Wednesday 27 January 2010

Off with a BANG! - the TDA's new mail campaign


Christmas had long gone, the Boxing Day sales had deteriorated into a shambles and all my New Year's Resolutions had already fluttered away into nothingness, when a little box arrived through my postbox...

A little cardboard box emblazoned with "Happy New Career" across the front.


Had I somehow struck it lucky and got picked for an amazing job that I hadn't even had to apply to?? But what kind of job would that even BE?! Maybe like the secret service... But then that would be kind of unsubtle of them to send me a happy-new-job box. Really bloody stupid, actually. Pretty sure James Bond didn't get a congrats card from Q. Hmmm, had I secretly won the Job-in-a-box Lottery I hadn't even bought a ticket to???

I toyed the little box suspiciously. So retro looking, so random... what on earth?!

"Oooh maybe it's chocolates!" I thought, salivating greedily (career as an MI5 spy / hazelnut whirl, clearly much of a muchness).




Oh! no- it's a... little fake firework.

..??


I was the lucky recipient of the latest marketing initiative from the TDA (http://www.teach.gov.uk/), who wanted to encourage me to "Make 2010 the year that launches your new career". Unravelling the little sky rocket revealed a small flyer advertising the application process and website.

Kind of loved this. Totally random, it represented quite a break from the norm of what they tend to send out - a cellophane-wrapped magazine picturing a smug woman in a roll-neck jumper, surrounded by gawping kids looking amazed at a... balloon, or something.
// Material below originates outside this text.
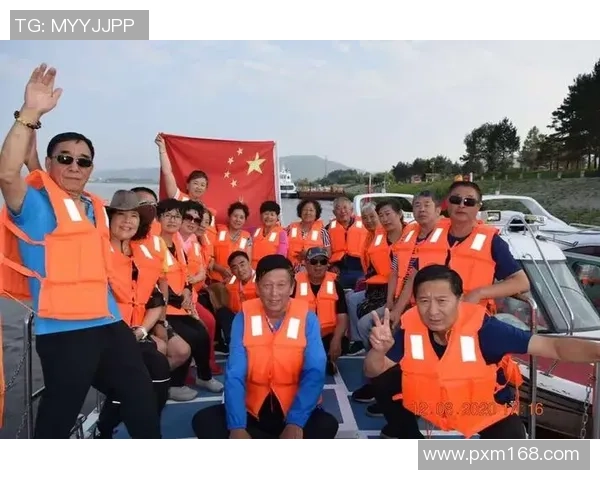 绿茵岁月重温那些传奇巨星携手留下的永恒瞬间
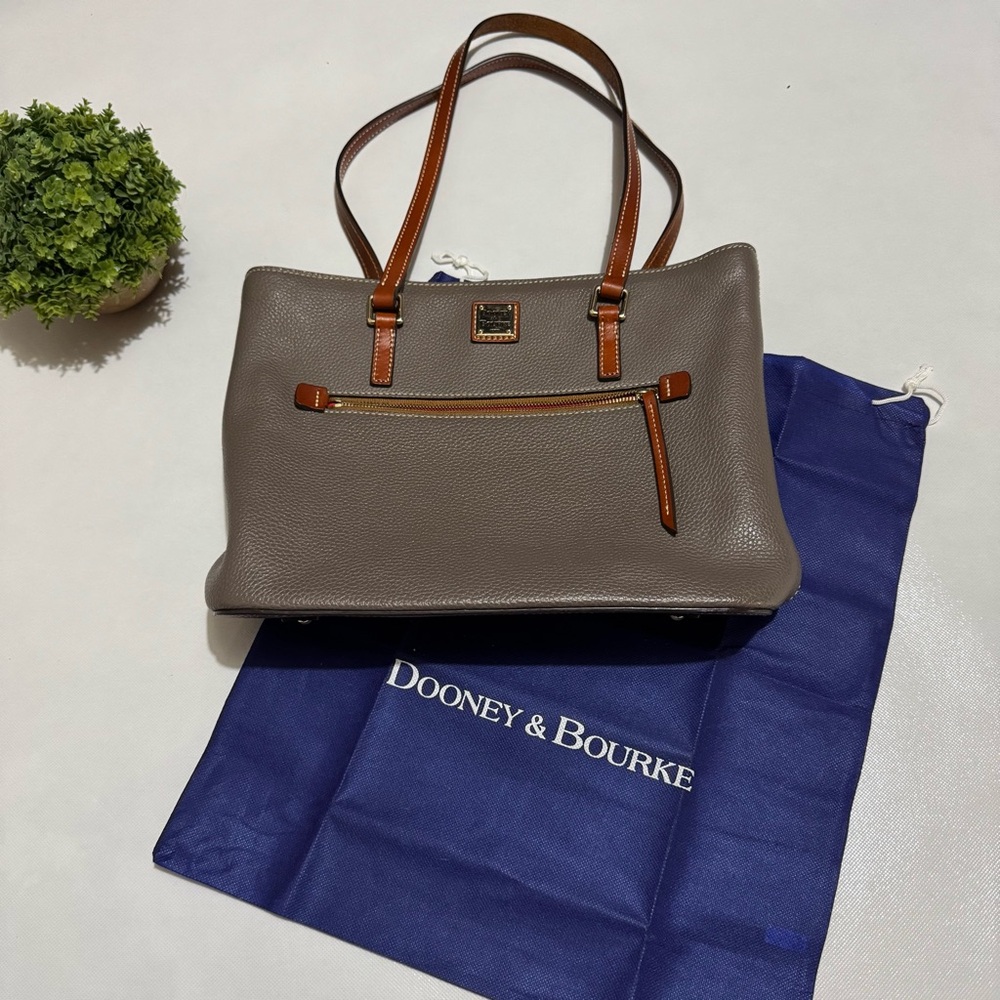 Dooney & Bourke Gray Taupe Pebble Leather Shopper Bag Purse Tote Classic Neutral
It's a creative advertising method that plugs into all the "new year, new you" sentiments that start buzzing round in early Jan, whilst skilfully avoiding being sanctimonious and harping on about the pleasures of a "meaningful" career / shaping young minds / being all creative and good and stuff, and instead implies excitement and celebration.

Anyone who has ever actually stepped into a school will of course know what a shrewd move the marketers made there.

Perhaps a little bit loopy, definitely a waste of money... But maybe not all that incongruous with a teaching career (I'm sure a firecracker through your postbox is a regular occurrence for a fair few teachers in central London).

I'm starting to wonder when the TDA is going to start using one of the hip, young, teacher characters that keeps walking into every new American teen drama. Personally, if they wish to use Mr Matthews from 90210, I will not object (he's like, a totally awesome teacher).



Thursday 21 January 2010

Coco Pops NEWSFLASH: All foods are healthy in comparison to a worse food... Like, say, lard.



"Ever thought of Coco Pops after school?" screams the advert, as we go riding on a slightly hallucinogenic coco-poppy wave. "Ever thought of taking responsibility for your childrens' diet and upbringing?" tweets disgruntled David J. Carr, DJC1805, in response. (http://tinyurl.com/yfbekgh)


And he has a point really, doesn't he? In this day and age when we can rarely open a newspaper without being bombarded with the latest hideous stats about how Britons are all mutating into great, lumbering, humanised tubs of lard, I thought we were meant to be encouraging rabbit food to the masses.


However, Coco Pops' latest ad seems to suggest creating a fourth meal time, and seems to imply that Coco Pops are the quick, fun and healthy (alas, those three words never honestly work together) way to fill a hole in your hunger.


At least 'til Mum wacks on the turkey twizzlers, one assumes.


Predictably, the Good People of Britain have had concerns about the ad. With all the recent furore over junk-food ads, it seems incongruous that a sugary cereal, aimed at kids, had slipped through the strict regulations net.


Kellogg's argued its case originally in 2008, saying that 90% of kids already have an afternoon snack, and thus they aren't creating a 'mealtime' that doesn't already exist. Furthermore, they maintain that Coco Pops with milk is a low fat and low saturated fat food, providing all sorts of RDAs of vitamins like iron and calcium, making it a suitable alternative to snacking on crisps, biscuits or chocolate.


Surely that's like branding Amy Winehouse as a tee-totaller (as long as we're comparing her to George Best).


So basically, it might seem wrong to shove Coco Pops down your kids throats, but if the alternative is a yard of Dairy Milk, then at least you're making some headway into good parenting.


If you believe the press, we'll probably all end up dying of asphyxiation from our own multiple chins anyway, so heck, why not live it up - reach for the Coco Pops.


At least we'll have a nice, plump finger to wag at the ASA.